Marull's Warning: How Labor Reform is Transforming Employment in Argentina

Economist Fernando Marull pointed out a troubling paradox in the Argentine labor market. In his recent analyses, this consultant noted that “Argentina creates 200,000 jobs per year, independent or informal,” but the market’s solution is not traditional formal employment but platforms like Rappi or Uber. What Marull observes is symptomatic of a deep structural change: while registered employment in the private sector fell by 1.3% and in the public sector by 0.9%, the number of monotributistas (self-employed workers under a simplified tax regime) grew by 4.2% year-over-year. This trend is no coincidence. The recent labor reform in Argentina has institutionalized exactly what Marull describes as the “new reality” of the labor market.

The legal shield for simulated independence

What was previously known as a “concealed dependency relationship” — a situation that could be litigated due to poor registration — now receives explicit legal backing. Two key articles of the new regulation are decisive: Article 2 excludes from the labor scope “contracting of work, services, agency, transportation, or freight,” as well as “independent workers and their collaborators,” and “independent providers of technological platforms.” Even more forcefully, Article 23 states that the presumption of an employment contract will not apply when there are contracts for work or professional services, and corresponding receipts or invoices are issued.

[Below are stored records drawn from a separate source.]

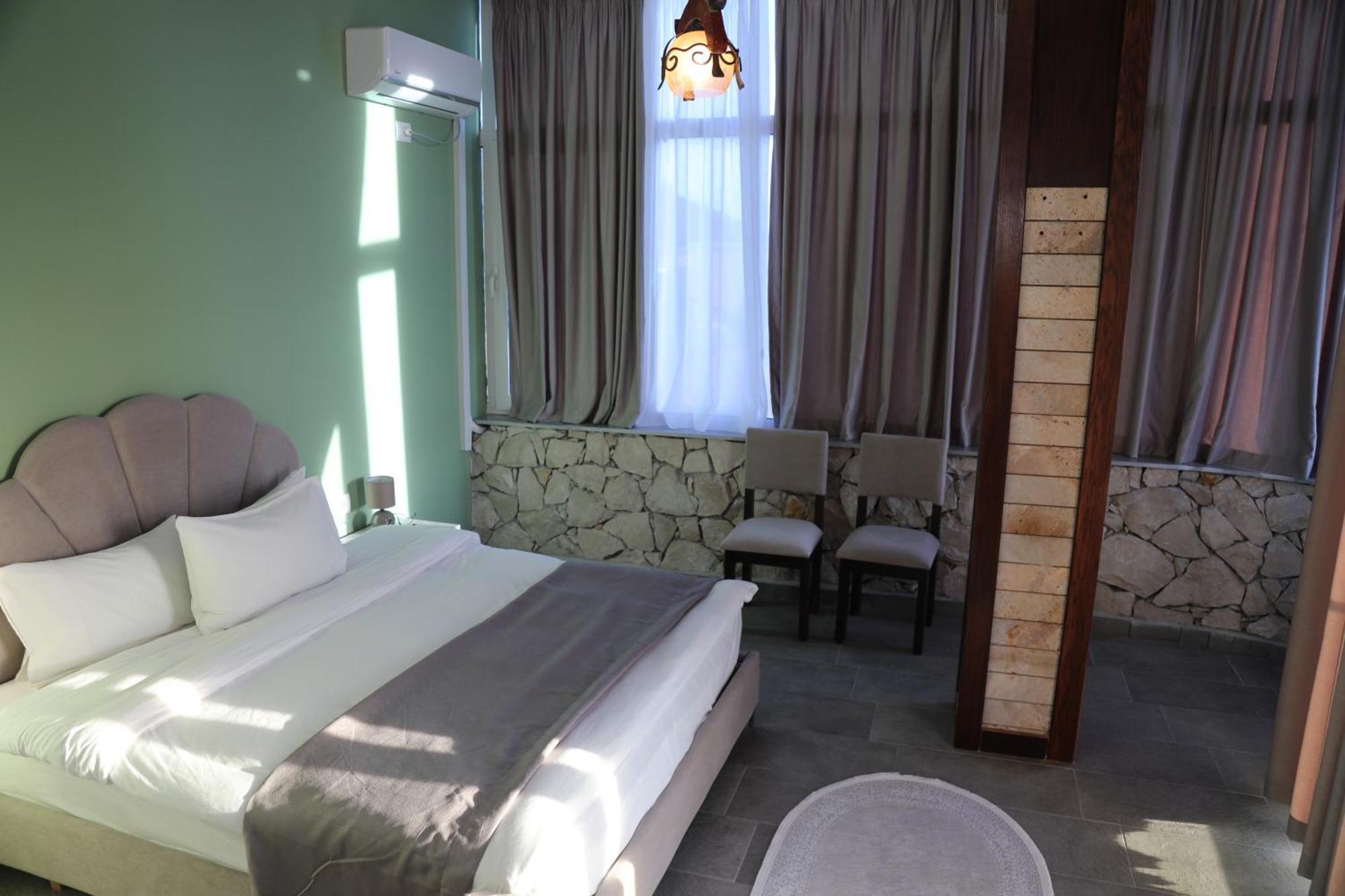 Pamja E Qyteteve Hotell Krujë Exteriör bild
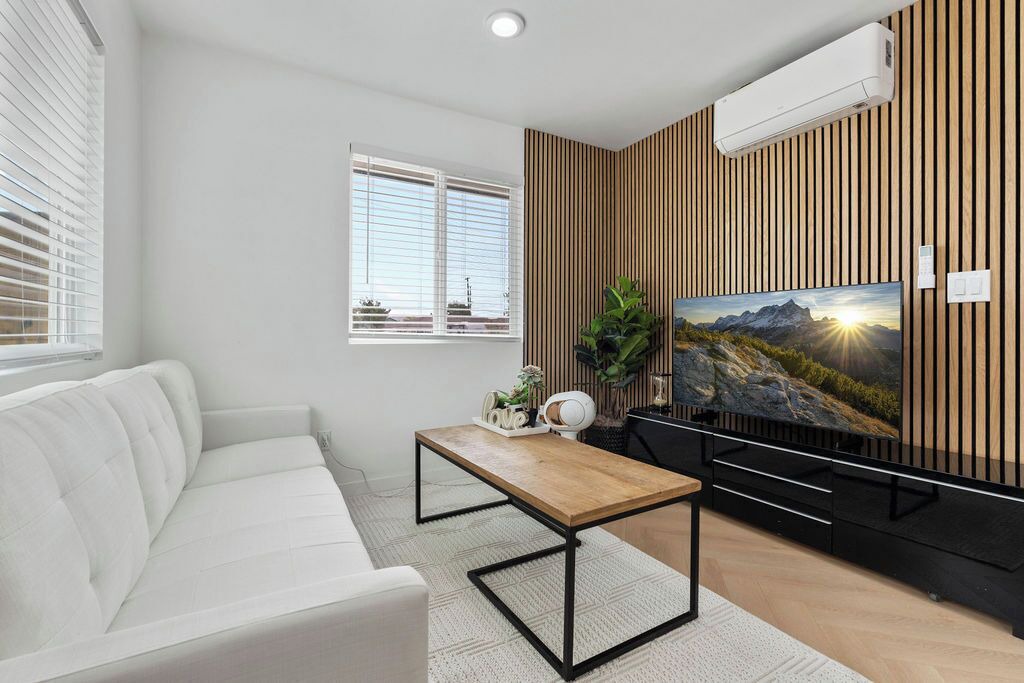Photo of Livingroom in Huntington Beach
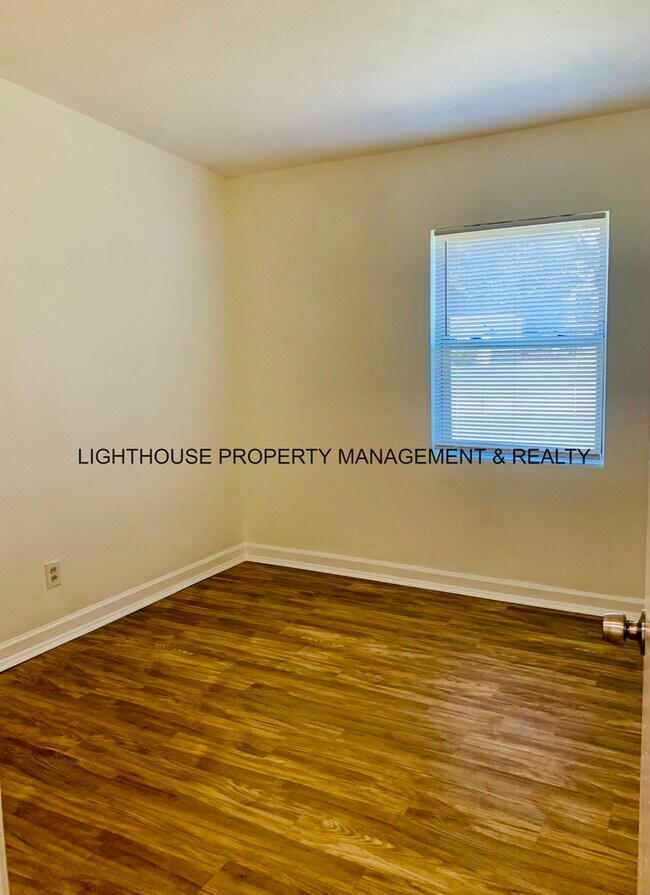 Building Photo - COMING SOON Completely Renovated 3-Bedroom Home in Edgewood Manor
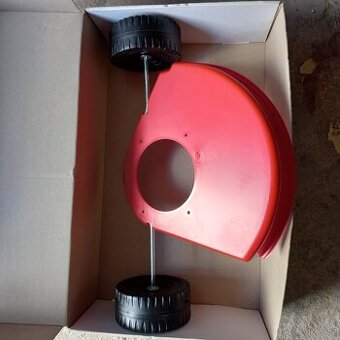 Pojezd ke strunové sekačce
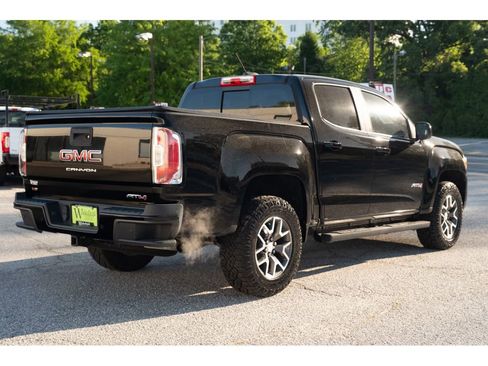 Used 2021 GMC Canyon AT4 w/ Driver Alert Package AWD/4WD image 8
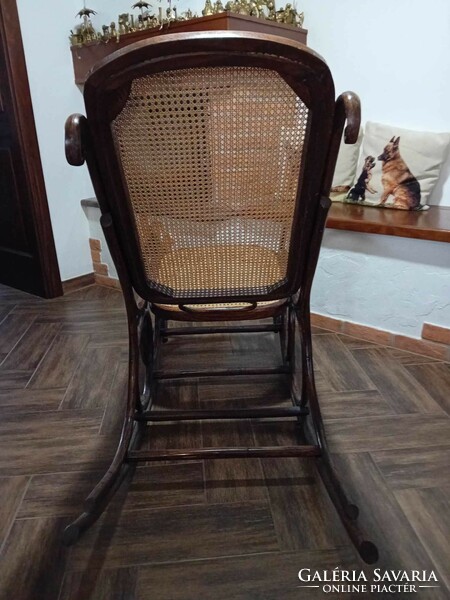 Large antique rocking chair (double hoop)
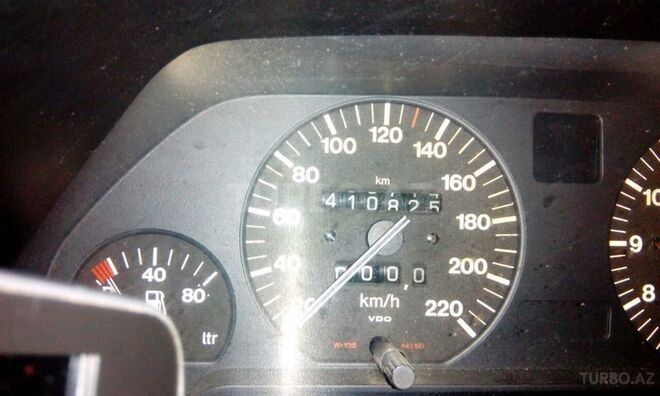 Audi  1985, 410,825 km - 0.2 l - Sumqayıt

The implication is radical: a signed contract for work or services by a monotributista (self-employed worker under the simplified regime) is enough to eliminate the presumption of an employment relationship that previously prevailed. In courts, what mattered before were concrete facts (working hours, orders from a supervisor, specific duties), but now the written contract becomes legal protection.

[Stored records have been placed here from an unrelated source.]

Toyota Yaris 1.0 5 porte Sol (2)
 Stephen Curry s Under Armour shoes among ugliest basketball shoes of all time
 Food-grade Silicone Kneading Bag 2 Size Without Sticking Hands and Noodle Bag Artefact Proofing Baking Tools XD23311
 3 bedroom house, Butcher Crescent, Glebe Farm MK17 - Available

The boom of monotributistas in key sectors

Of the 400,000 monotributistas generated in the last two years of the Milei administration, 116,000 were in tourism and 93,000 in industry. The total growth of monotributo was 4.2% in the most recent period, according to SIPA data. In comparison, there are currently over 6.2 million formal salaried workers in the private sector, while nearly 5 million are independent workers: 2.1 million are “pure monotributistas” according to their tax category, and another 2.1 million are independent workers operating under an employment scheme, even though their legal status is that of monotributistas.

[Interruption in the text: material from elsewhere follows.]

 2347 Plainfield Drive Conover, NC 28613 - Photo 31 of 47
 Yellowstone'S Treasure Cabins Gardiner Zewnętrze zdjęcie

This figure, revealed by research from academic Matías Maito of the University of San Martín, exposes an uncomfortable reality: in many SMEs and microenterprises, workers themselves do not even know their true employment status. Companies provide ARCA fiscal credentials and directly manage payments to the monotributo, re-categorizations, and tax compliance.

The official bet on deregulation

The government actively supports this transformation. Federico Sturzenegger, Minister of Deregulation, commented favorably on Marull’s analysis, noting that “the labor market is taking new forms.” This liberal perspective interprets the phenomenon as a cost reduction for companies and an incentive to hire more workers. However, Marull’s analysis suggests a different interpretation: these jobs are more informal, less protected, and potentially less productive than traditional dependent employment.

The fiscal and pension puzzle

An uncomfortable question then arises: what incentives will exist for a company to hire someone as an employee? Doing so involves paying for vacations, bonuses, higher contributions to the state, and severance pay. In contrast, hiring a monotributista means evading these obligations and, in some cases, even avoiding income tax.

At the fiscal level, the consequences are concerning. Argentina’s pension system, already in crisis, theoretically requires three workers contributing to finance one retiree. Currently, that ratio is 1.7 active workers per retiree, a critically low number. In the specific case of monotributistas, the gap is even more dramatic: it is estimated that 19 monotributistas are needed to finance a minimum pension, according to calculations by UBA public finance professor Julián Folgar.

What the labor reform legalizes is essentially a transfer of risks from employers to workers and to the state’s pension system. Marull, with his warning about the nature of these jobs, identifies the real tension: between a deregulation that reduces business costs and a structural contraction of social financing that will sustain the country in the future.